Records to process |
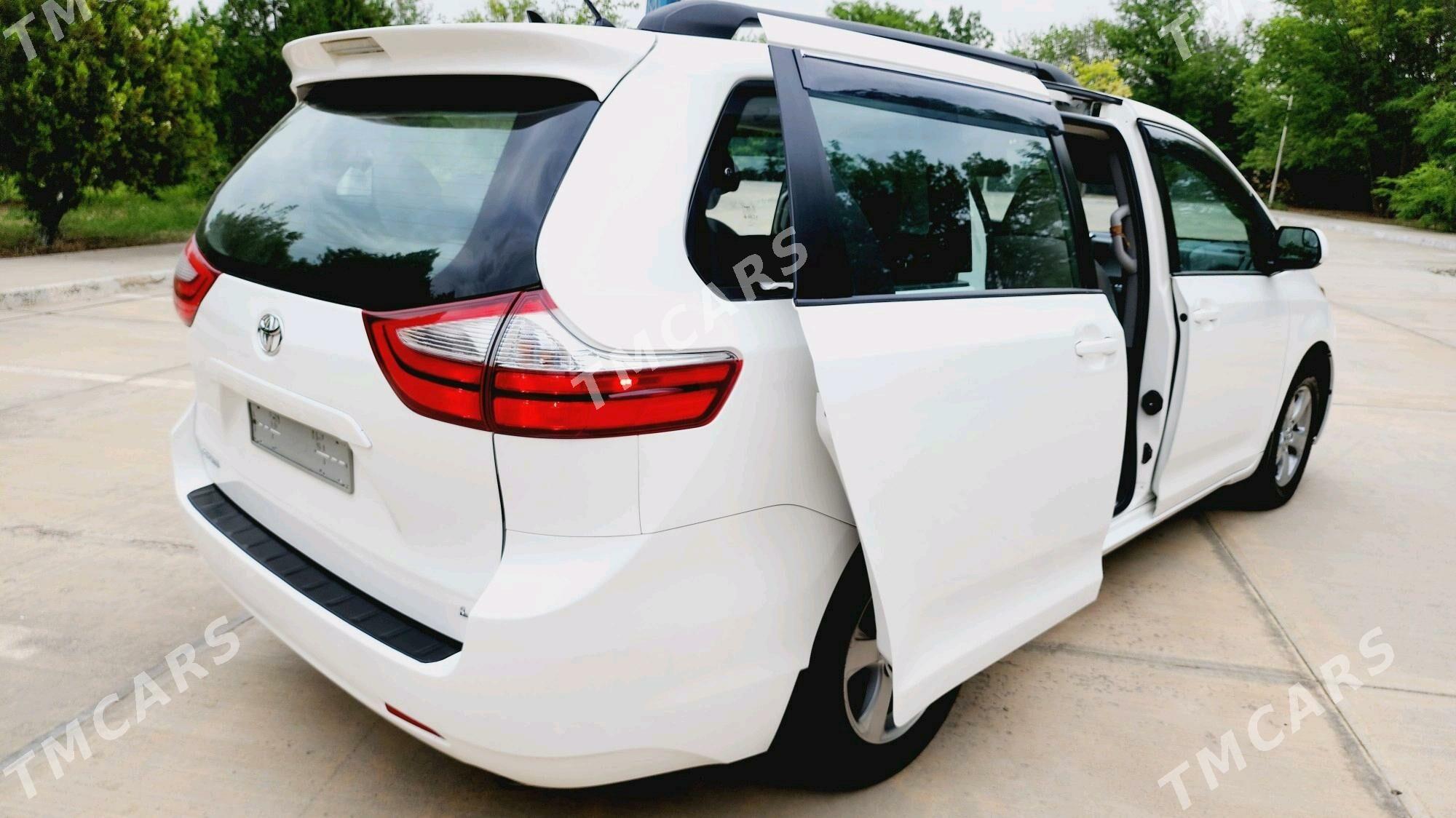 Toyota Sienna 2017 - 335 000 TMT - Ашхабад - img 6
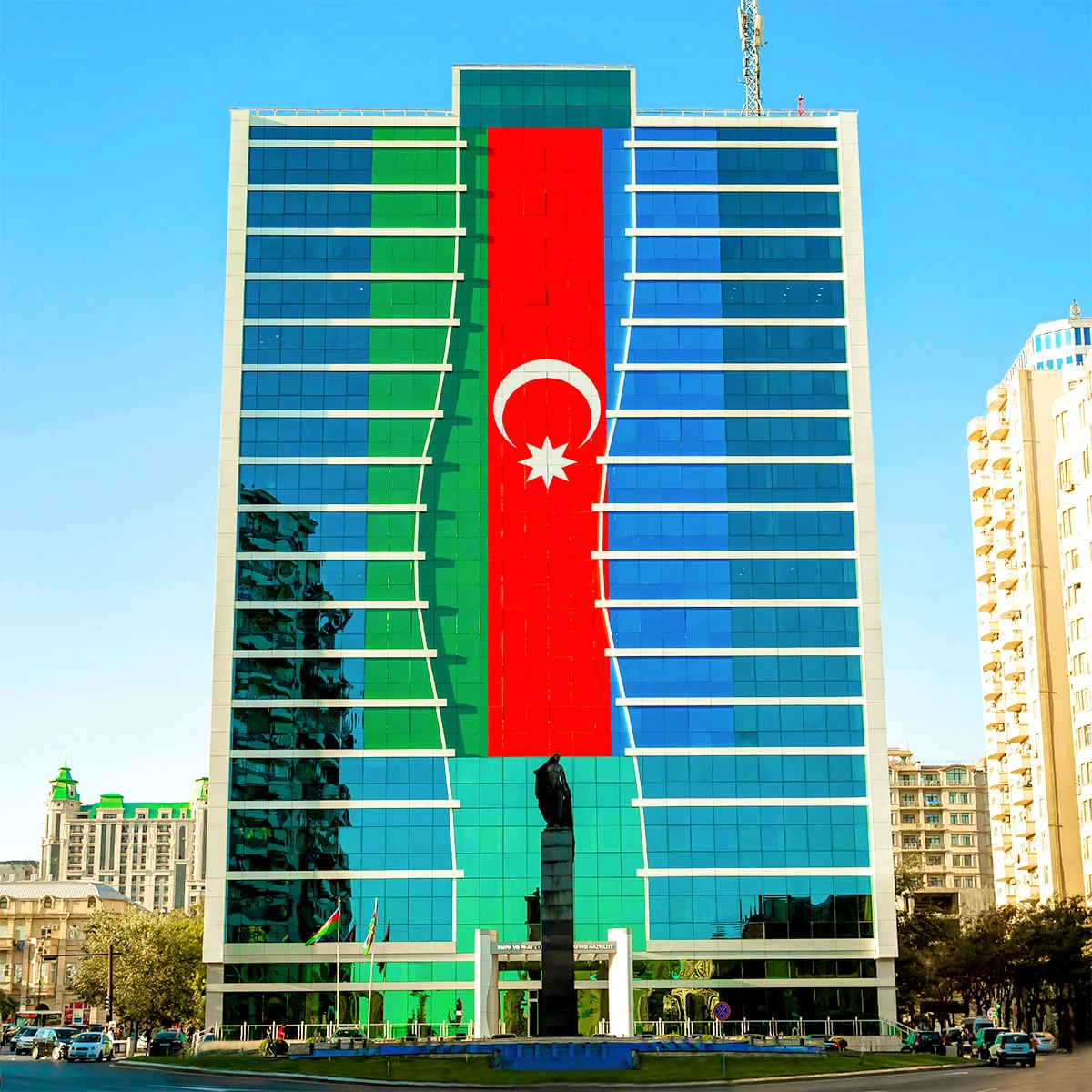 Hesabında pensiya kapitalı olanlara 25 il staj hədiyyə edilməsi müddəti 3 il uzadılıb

==

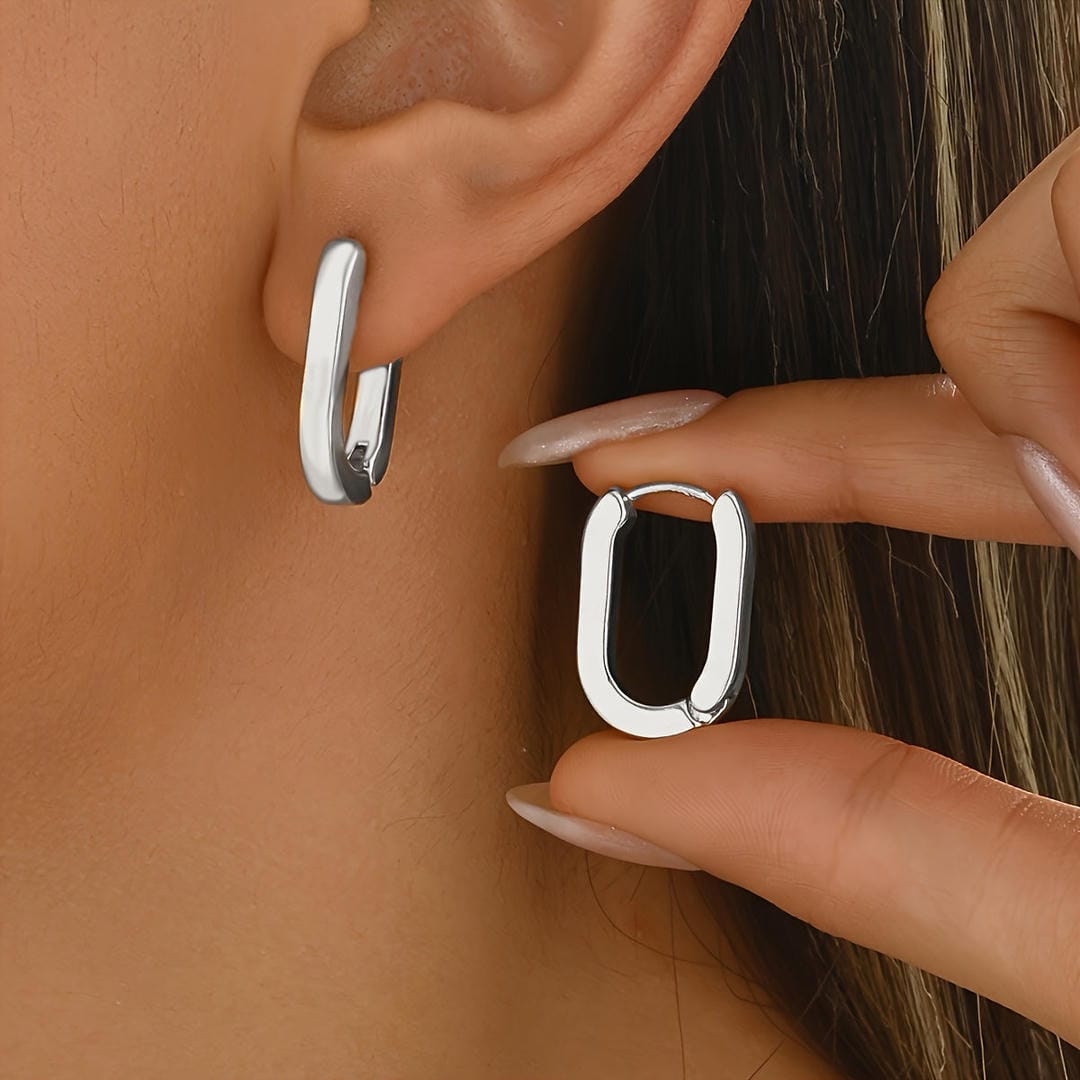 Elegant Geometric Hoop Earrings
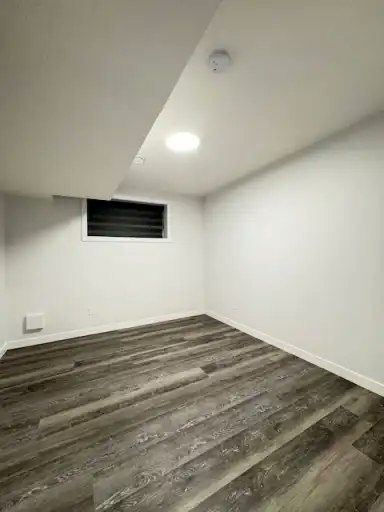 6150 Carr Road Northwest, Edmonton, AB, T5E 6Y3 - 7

Action item | Print from the line containing "Toyota Sienna 2017" through the line containing "Hesabında pensiya kapitalı" in the data above, exactly as the lines stand, and omit every picture.

Result of the task |
 Toyota Sienna 2017 - 335 000 TMT - Ашхабад - img 6
 Hesabında pensiya kapitalı olanlara 25 il staj hədiyyə edilməsi müddəti 3 il uzadılıb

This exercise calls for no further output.